> [TASK DESCRIPTION]
Write out every record below exactly, leaving the pictures out.

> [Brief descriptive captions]
⟨

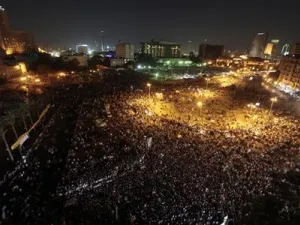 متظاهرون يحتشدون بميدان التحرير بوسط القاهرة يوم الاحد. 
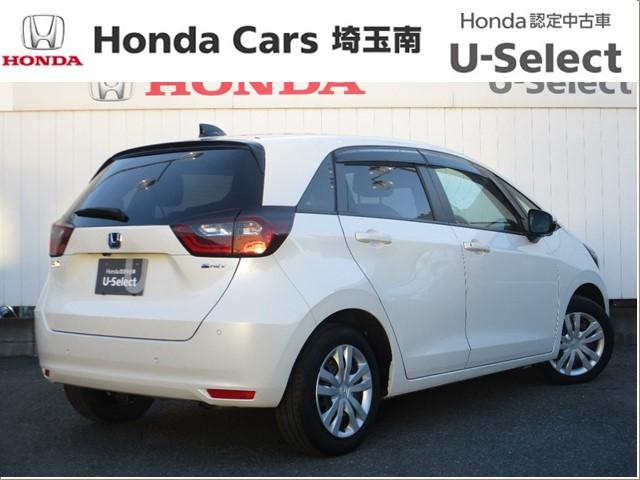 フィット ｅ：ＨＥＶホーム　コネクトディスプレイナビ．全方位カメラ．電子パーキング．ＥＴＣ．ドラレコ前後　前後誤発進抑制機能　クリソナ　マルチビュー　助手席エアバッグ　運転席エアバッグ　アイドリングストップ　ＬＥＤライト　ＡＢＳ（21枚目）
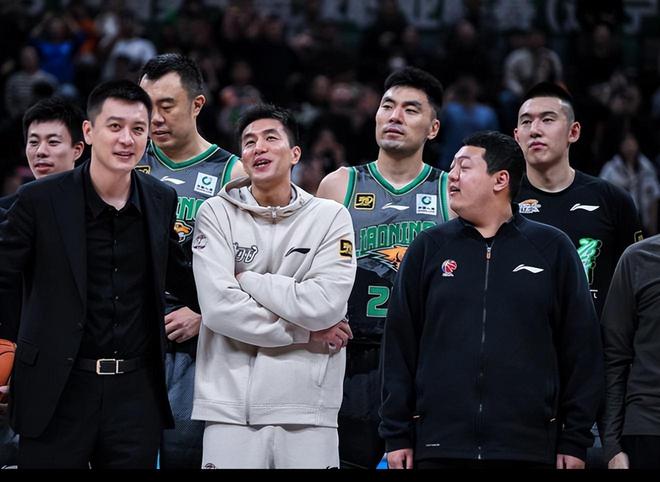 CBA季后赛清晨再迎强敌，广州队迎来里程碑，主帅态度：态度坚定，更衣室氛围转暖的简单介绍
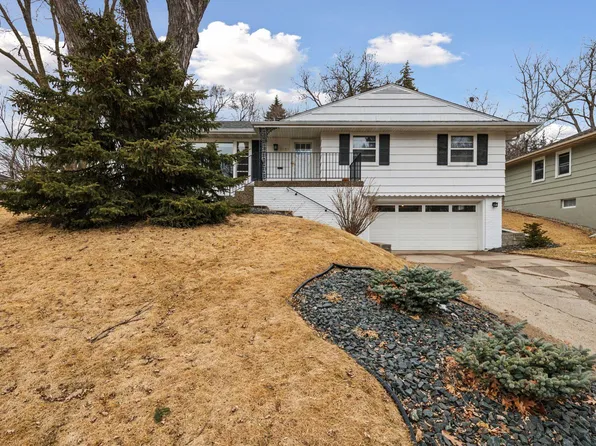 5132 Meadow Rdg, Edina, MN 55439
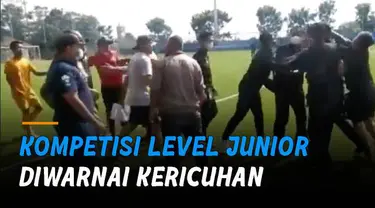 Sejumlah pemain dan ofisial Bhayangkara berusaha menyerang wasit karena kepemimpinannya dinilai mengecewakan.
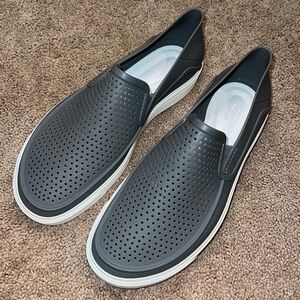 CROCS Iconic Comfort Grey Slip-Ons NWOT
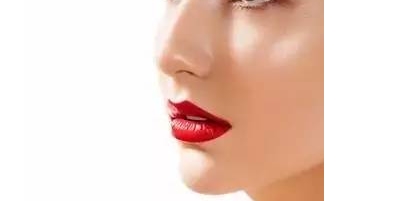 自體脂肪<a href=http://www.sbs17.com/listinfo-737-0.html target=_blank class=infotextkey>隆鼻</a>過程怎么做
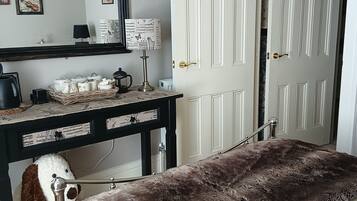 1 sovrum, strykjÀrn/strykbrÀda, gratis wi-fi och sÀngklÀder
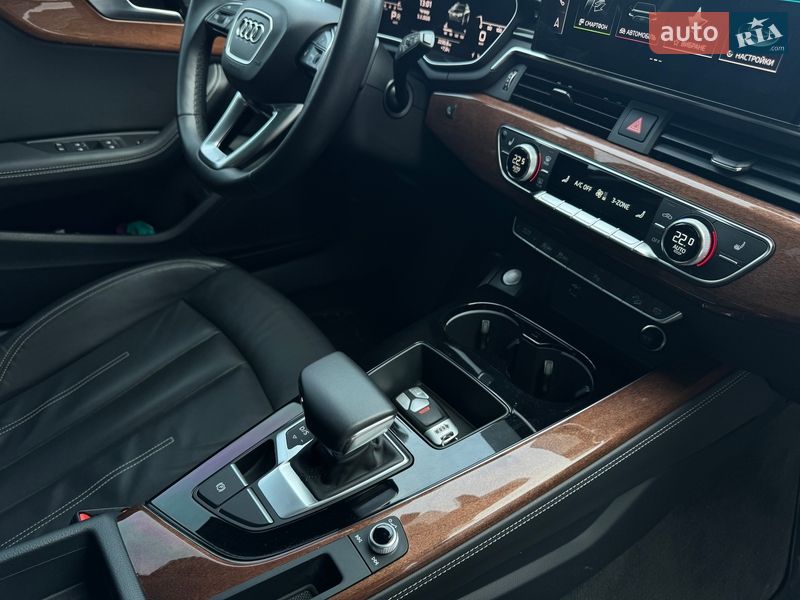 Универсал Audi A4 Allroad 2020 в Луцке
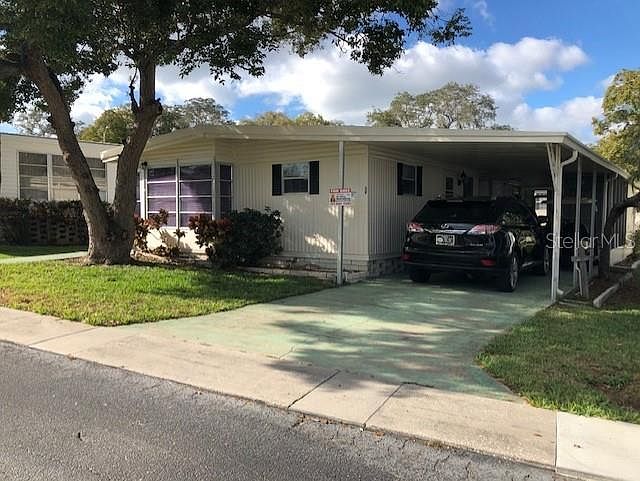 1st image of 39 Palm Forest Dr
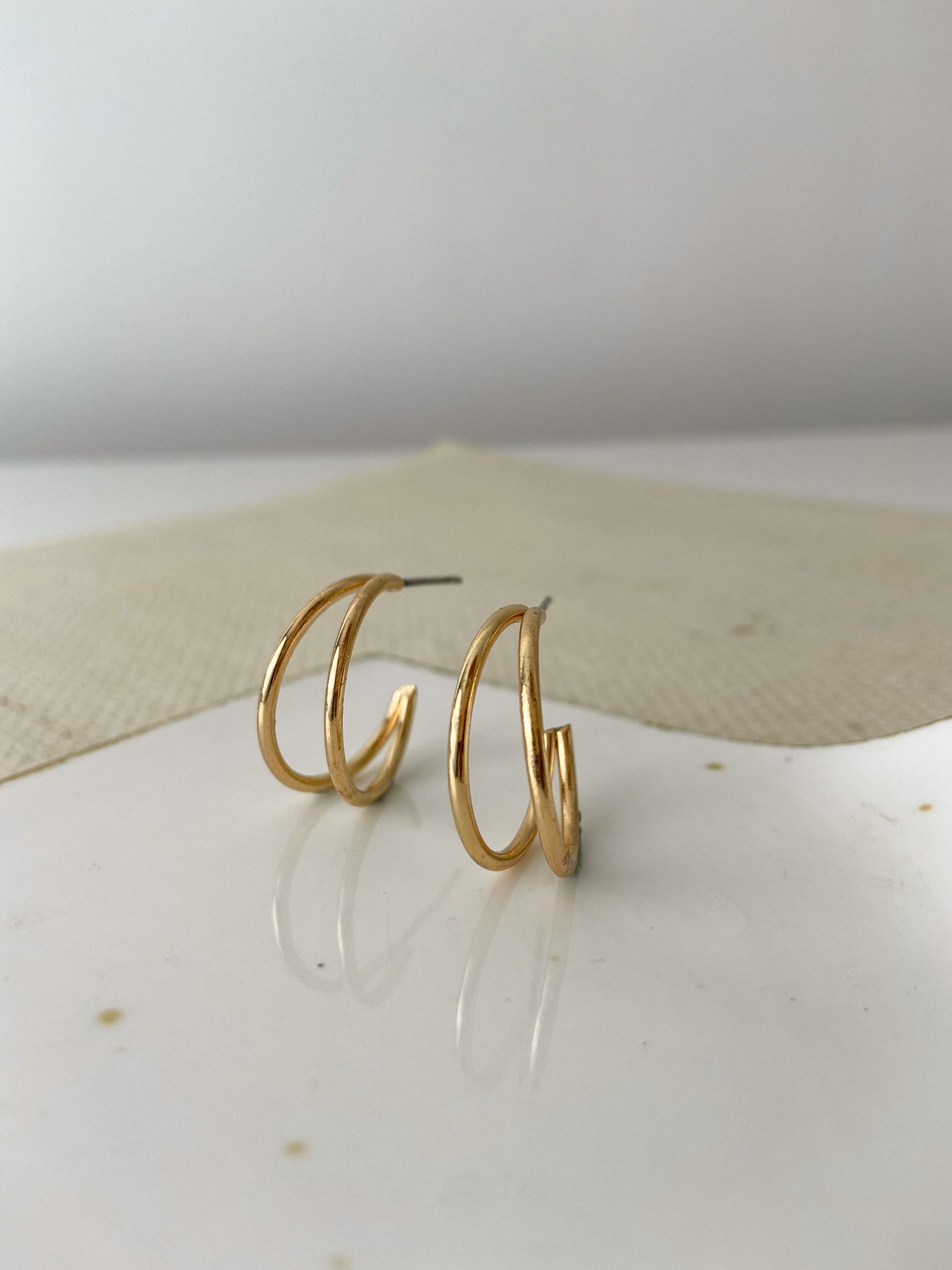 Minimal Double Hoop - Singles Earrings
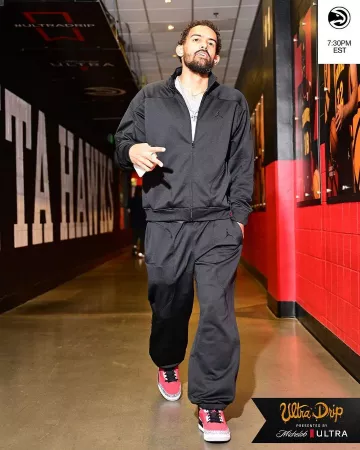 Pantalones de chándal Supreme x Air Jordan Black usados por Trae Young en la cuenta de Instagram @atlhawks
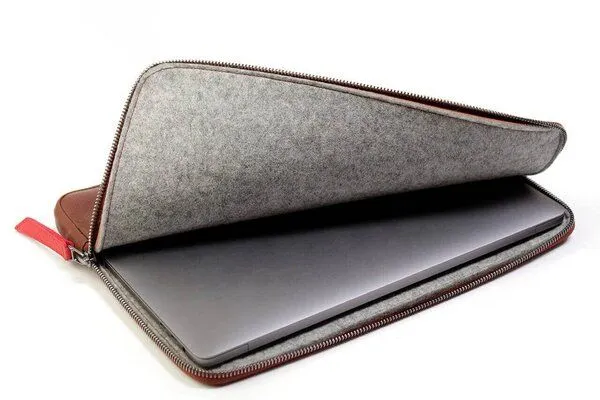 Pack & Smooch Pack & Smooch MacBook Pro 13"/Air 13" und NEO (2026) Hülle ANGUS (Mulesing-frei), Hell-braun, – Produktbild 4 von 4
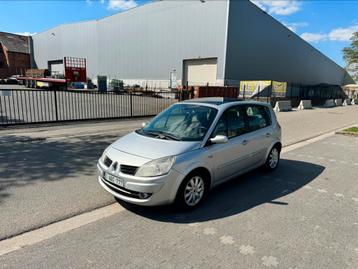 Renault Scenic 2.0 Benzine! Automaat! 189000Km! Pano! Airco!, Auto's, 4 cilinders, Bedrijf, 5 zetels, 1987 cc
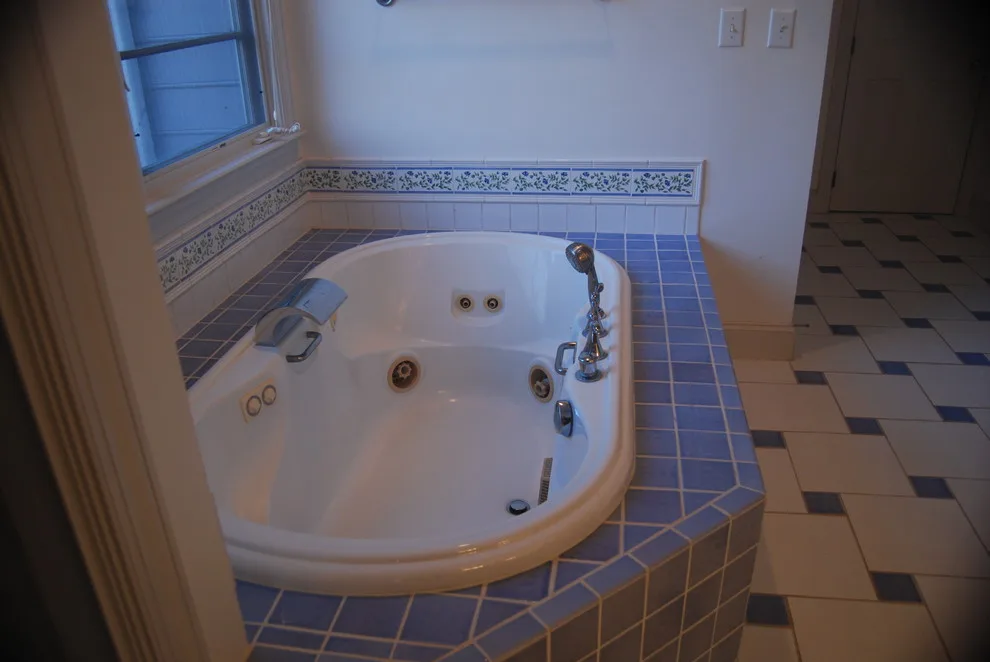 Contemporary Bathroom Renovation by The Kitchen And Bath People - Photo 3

⟩

> [RESULT OF THE EXERCISE]
 متظاهرون يحتشدون بميدان التحرير بوسط القاهرة يوم الاحد. 
 フィット ｅ：ＨＥＶホーム　コネクトディスプレイナビ．全方位カメラ．電子パーキング．ＥＴＣ．ドラレコ前後　前後誤発進抑制機能　クリソナ　マルチビュー　助手席エアバッグ　運転席エアバッグ　アイドリングストップ　ＬＥＤライト　ＡＢＳ（21枚目）
 CBA季后赛清晨再迎强敌，广州队迎来里程碑，主帅态度：态度坚定，更衣室氛围转暖的简单介绍
 5132 Meadow Rdg, Edina, MN 55439
 Sejumlah pemain dan ofisial Bhayangkara berusaha menyerang wasit karena kepemimpinannya dinilai mengecewakan.
 CROCS Iconic Comfort Grey Slip-Ons NWOT
 自體脂肪<a href=http://www.sbs17.com/listinfo-737-0.html target=_blank class=infotextkey>隆鼻</a>過程怎么做
 1 sovrum, strykjÀrn/strykbrÀda, gratis wi-fi och sÀngklÀder
 Универсал Audi A4 Allroad 2020 в Луцке
 1st image of 39 Palm Forest Dr
 Minimal Double Hoop - Singles Earrings
 Pantalones de chándal Supreme x Air Jordan Black usados por Trae Young en la cuenta de Instagram @atlhawks
 Pack & Smooch Pack & Smooch MacBook Pro 13"/Air 13" und NEO (2026) Hülle ANGUS (Mulesing-frei), Hell-braun, – Produktbild 4 von 4
 Renault Scenic 2.0 Benzine! Automaat! 189000Km! Pano! Airco!, Auto's, 4 cilinders, Bedrijf, 5 zetels, 1987 cc
 Contemporary Bathroom Renovation by The Kitchen And Bath People - Photo 3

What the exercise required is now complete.